Only the lines from the one containing "this 807×605 image." through the end of the listing below are to be reproduced, exactly as they stand.
----
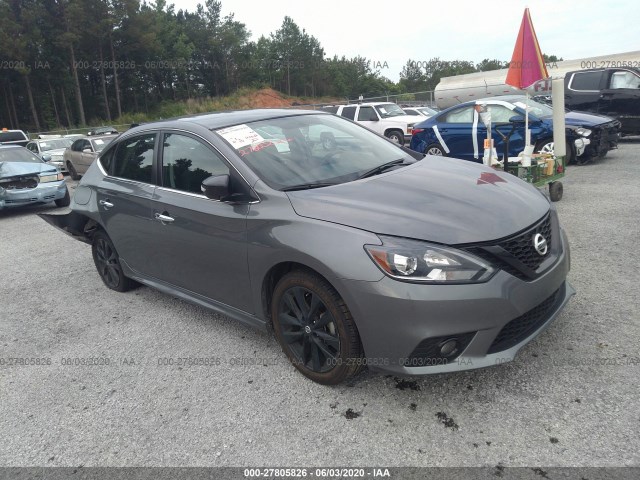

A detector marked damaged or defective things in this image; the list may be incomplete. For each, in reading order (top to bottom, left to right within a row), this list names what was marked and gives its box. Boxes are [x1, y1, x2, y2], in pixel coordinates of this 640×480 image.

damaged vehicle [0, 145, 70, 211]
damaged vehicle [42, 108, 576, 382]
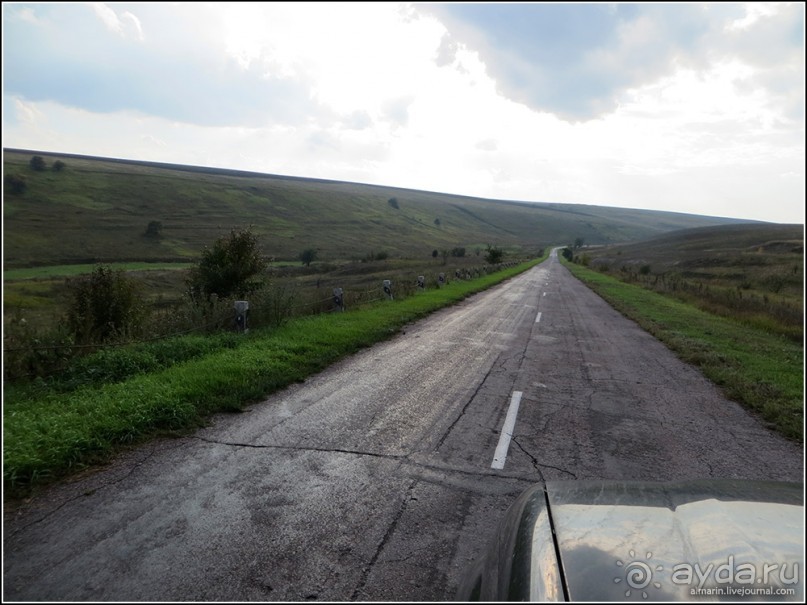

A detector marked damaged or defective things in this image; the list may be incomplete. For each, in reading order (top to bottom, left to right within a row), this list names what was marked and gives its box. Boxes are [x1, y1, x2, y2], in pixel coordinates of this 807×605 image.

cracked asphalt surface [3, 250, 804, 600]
----
## Task answer
A detector marked damaged or defective things in this image; the list may be incomplete. For each, in reading order (top to bottom, left to right within a row), this list names what was marked and gives its box. Boxes are [x1, y1, x2, y2], in pixel coordinates of this 807×605 image.

cracked asphalt surface [3, 250, 804, 600]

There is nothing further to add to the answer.